▶ [DATA PROVIDED]
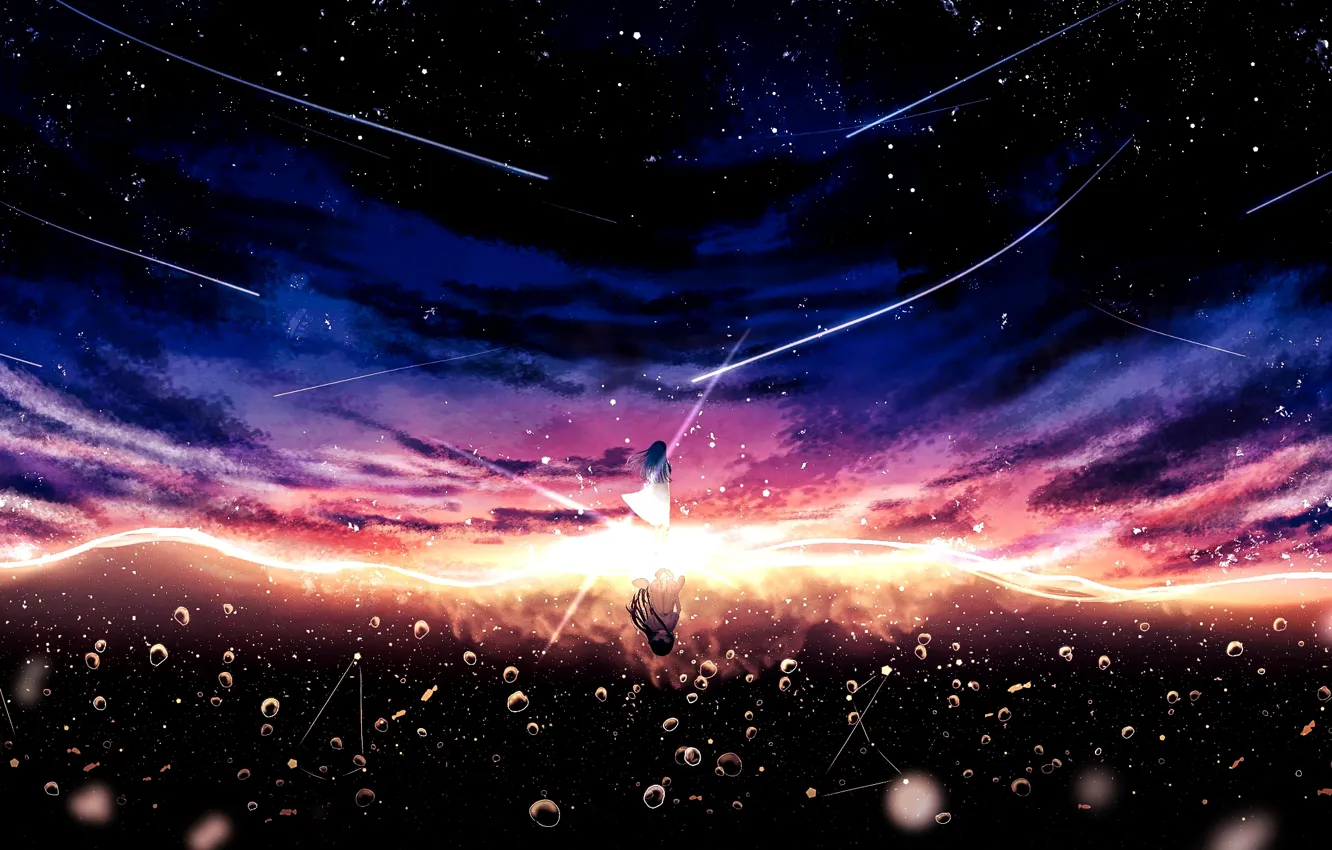 Photo wallpaper water, girl, reflection, fantasy, Starfall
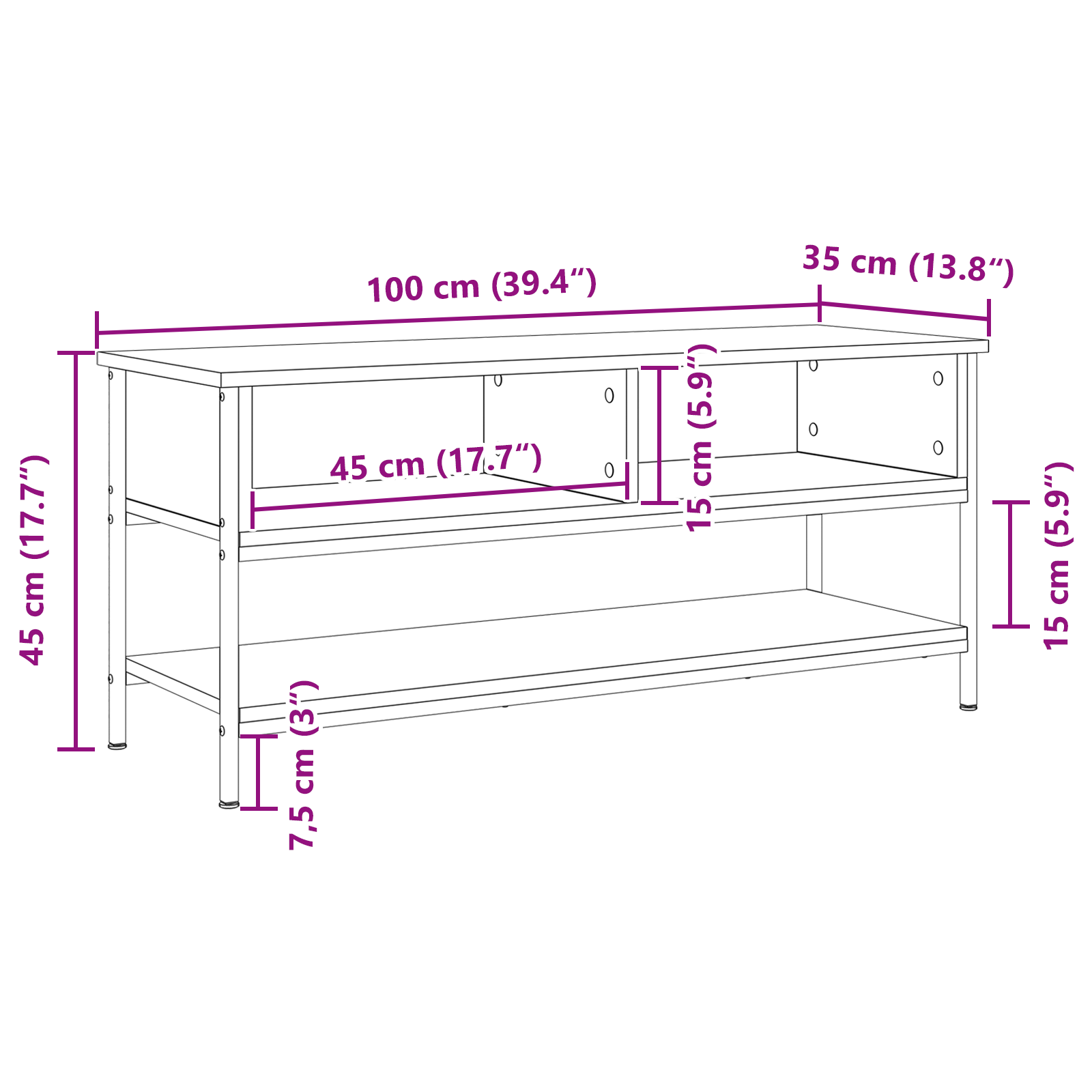 Tv-meubelset Zwart Eiken 100 x 35 x 45 cm Bewerkt hout is nu te koop bij PeponiXL, paradijselijk wonen!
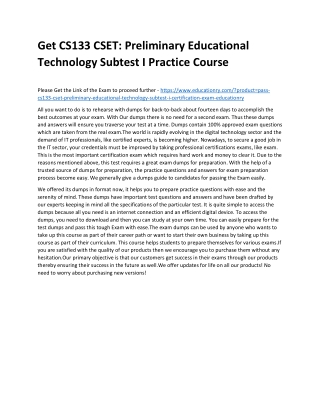 CS133 CSET: Preliminary Educational Technology Subtest I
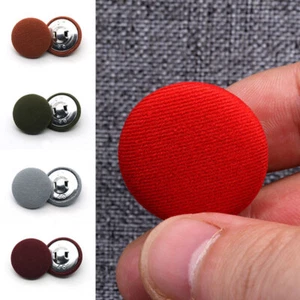 10X Fabric Cloth Covered Button Round Metal Sewing Buttons DIY Craft Accessories - Picture 1 of 77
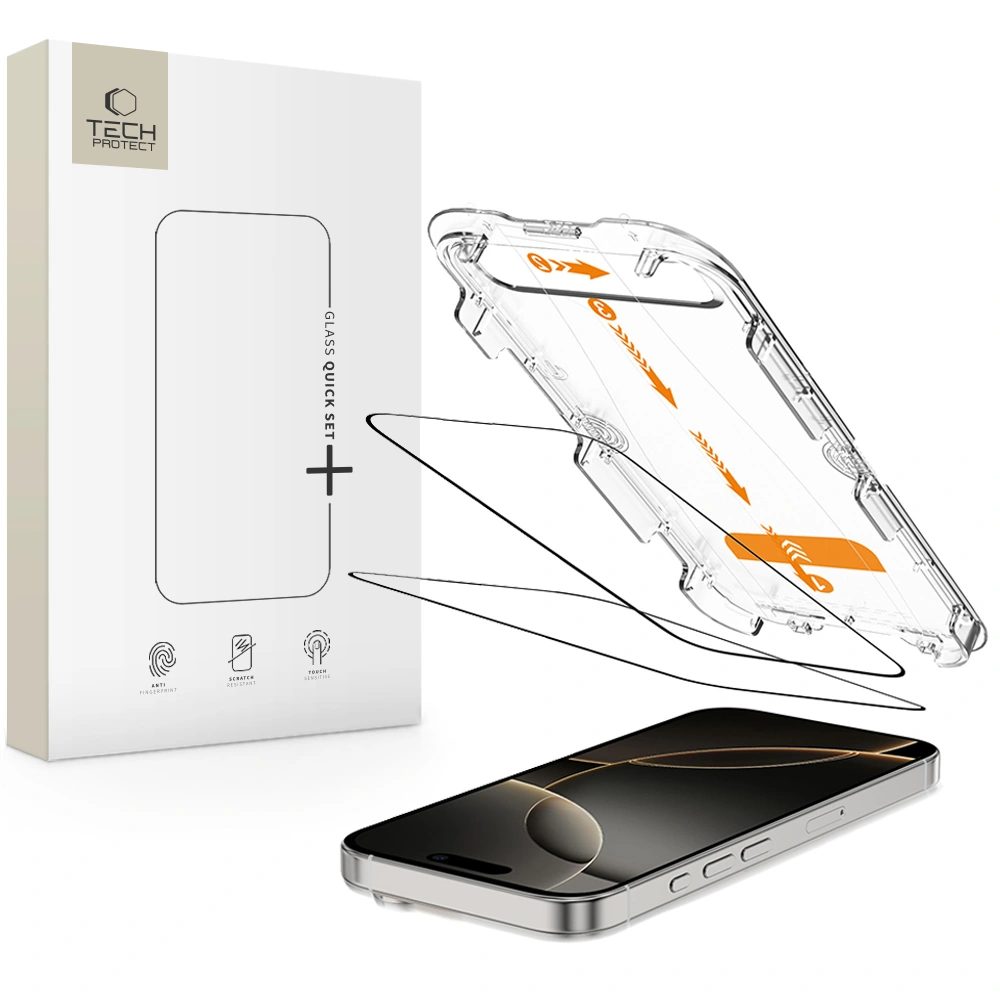 Levně Tech-Protect Tvrzené sklo Quick Set+, iPhone 16 Pro Max, černé, 2 kusy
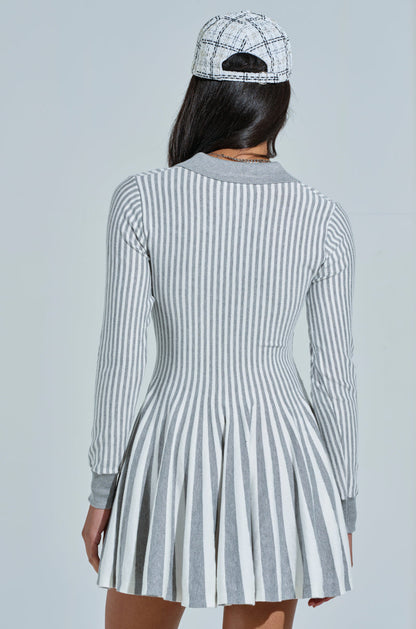 ALINA PLEATED KNIT FIT AND FLARE MINI DRESS WITH LONG SLEEVES IN GREY MULTI
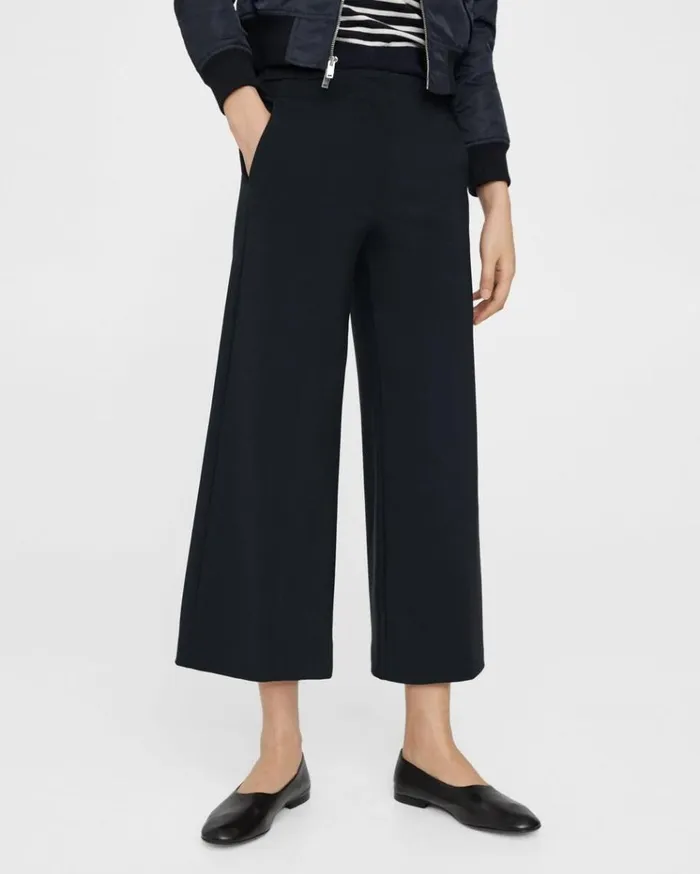 Theory Cropped WideLeg Pant In Precision Ponte Baltic Women Pants Theory Cropped WideLeg Pant In Precision Ponte Baltic Women Pants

▶ [WHAT IS NEEDED] Using the entries above, transcribe exactly from the line that has "10X Fabric Cloth" through the line that has "ALINA PLEATED KNIT". Pictures are dropped.

▶ [SOLUTION FOR THIS TASK]
 10X Fabric Cloth Covered Button Round Metal Sewing Buttons DIY Craft Accessories - Picture 1 of 77
 Levně Tech-Protect Tvrzené sklo Quick Set+, iPhone 16 Pro Max, černé, 2 kusy
 ALINA PLEATED KNIT FIT AND FLARE MINI DRESS WITH LONG SLEEVES IN GREY MULTI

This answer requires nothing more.